What to produce
If pictures appear among the lines below, leave them out while you return exactly the lines from the one with "Camping Homes Mon Perin-2" through the one with "Photo 4 of 2007".

Data supplied
%%
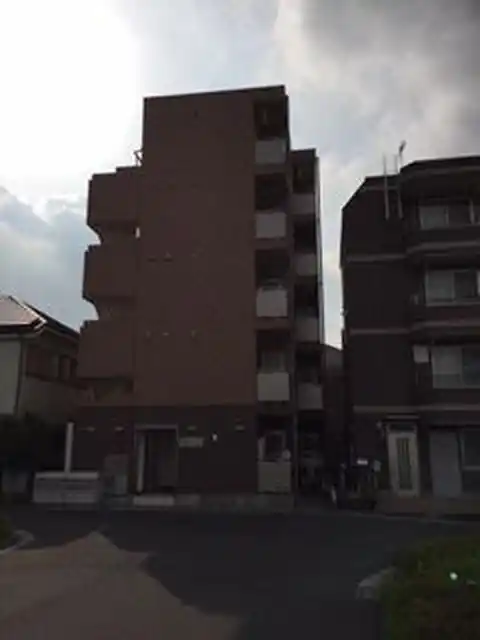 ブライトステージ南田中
%%
%%
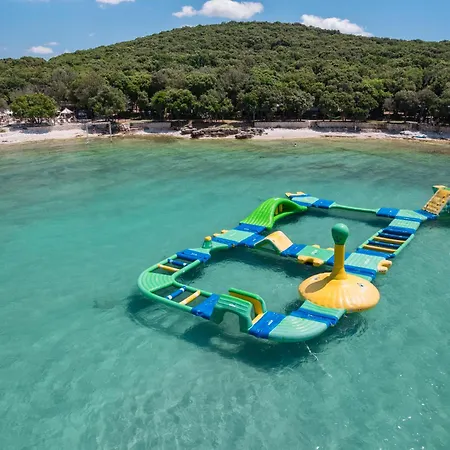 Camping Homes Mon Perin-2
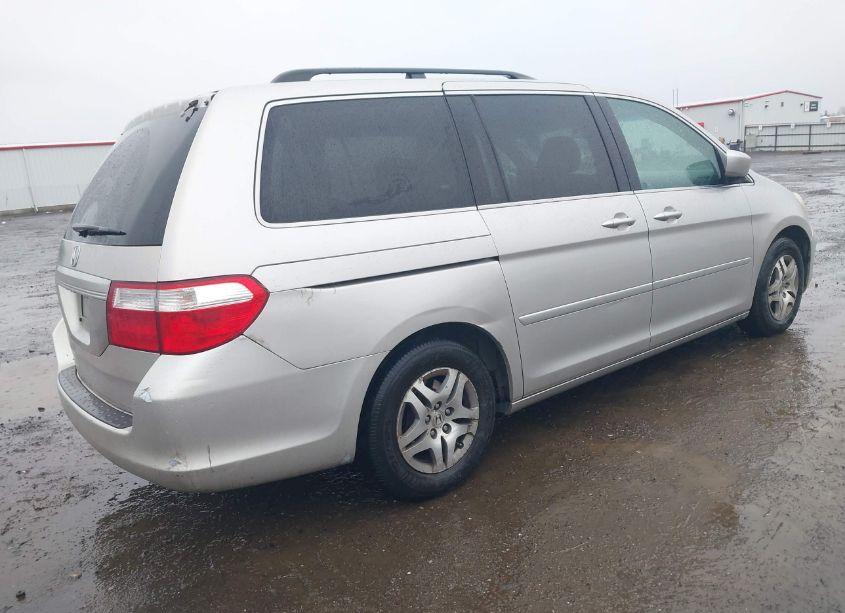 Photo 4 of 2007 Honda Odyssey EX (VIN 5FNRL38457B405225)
%%
Worked solution
 Camping Homes Mon Perin-2
 Photo 4 of 2007 Honda Odyssey EX (VIN 5FNRL38457B405225)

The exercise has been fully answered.